スプリングバレーブルワリー 井本亜香社長(1)短大卒「一般職」でキリンビールに入社し「総合職」に転身
「短大卒の地方採用された女子にも、優秀な人はたくさんいます。難しい仕事に取り組み、毎日一生懸命やっているのに、どうして4大卒とは違うのか。こんな気持ちは4大卒の人には分かってはもらえないでしょう」
それでも、毎年希望を出し続け、希望はかなう。ノンキャリからキャリアへの転向は、前例があるのかどうかさえ分からないほど異例であった。なので、本人も周囲も、意外感は強かったのだ。
2000年10月から初めての東京生活が始まる。異動先は営業部門の海外ブランド担当。キリンが扱うバドワイザーやハイネケンの商品管理が仕事だった。セントルイスなど海外とのやりとりは、すべて英語でのメールが使われたが、短大で英語を学んでいただけに井本はすぐに対応できた。
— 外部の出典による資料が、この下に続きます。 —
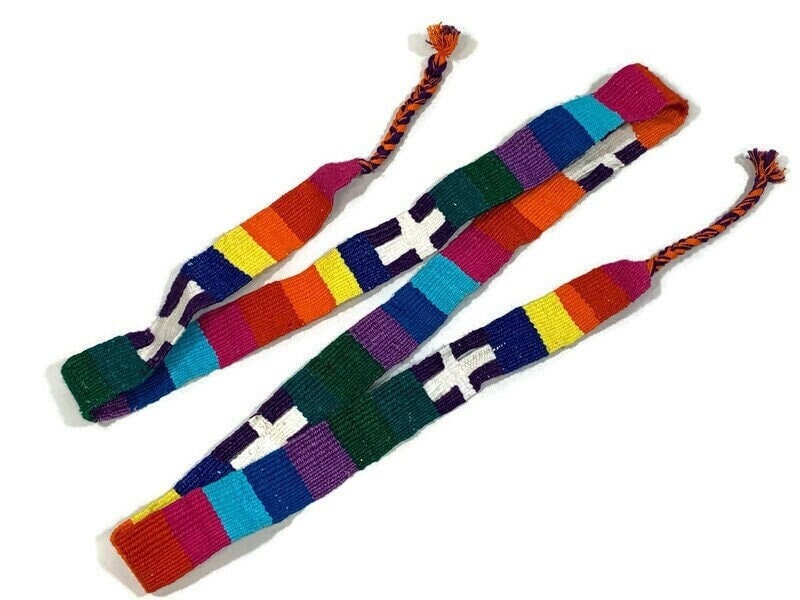 Guatemalan Hand Woven Belt. Bright Turquoise & Assorted Color Braided Tassel Ends. 1.25 Inch Wide x 46 Inch Long Cotton Sash, Strap Textile.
キリンはこの頃アサヒから猛烈に追い上げられていた。翌01年には業界首位の座をアサヒに明け渡してしまう。48年ぶりの2位転落を喫する。こうした状況から、キリン人事部は社内秩序の維持や安定よりも、できる人材の登用による会社の競争力アップを優先させた……。その結果、井本の転換を認めたのかもしれない。